Task to carry out: The output consists only of the lines from the one with "Sample Apartment of" through the end of the records, each printed exactly, and contains no pictures.

Saved entries

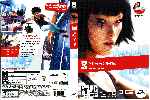miniatura mirrors-edge-dvd-por-lord13 cover pc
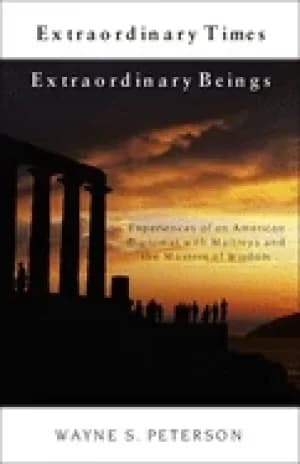 extraordinary times extraordinary beings experiences of an american diploma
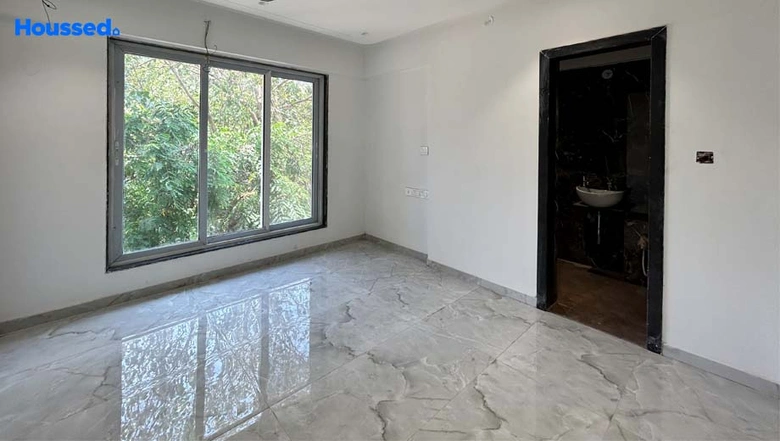 Sample Apartment of Atlantic Laxmi Residency in Ghatkopar East, Mumbai - Image 43285
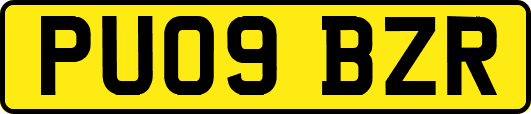 PU09BZR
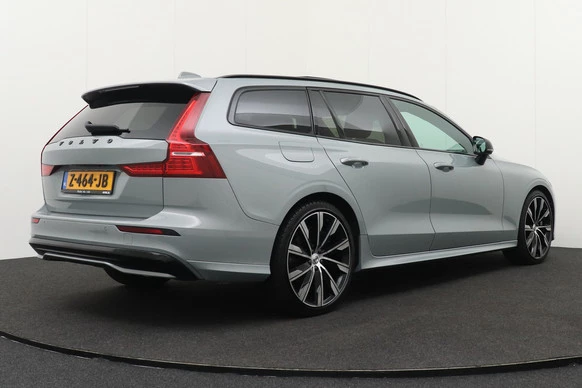 Volvo V60 - Afbeelding 2 van 30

Answer space:
 Sample Apartment of Atlantic Laxmi Residency in Ghatkopar East, Mumbai - Image 43285
 PU09BZR
 Volvo V60 - Afbeelding 2 van 30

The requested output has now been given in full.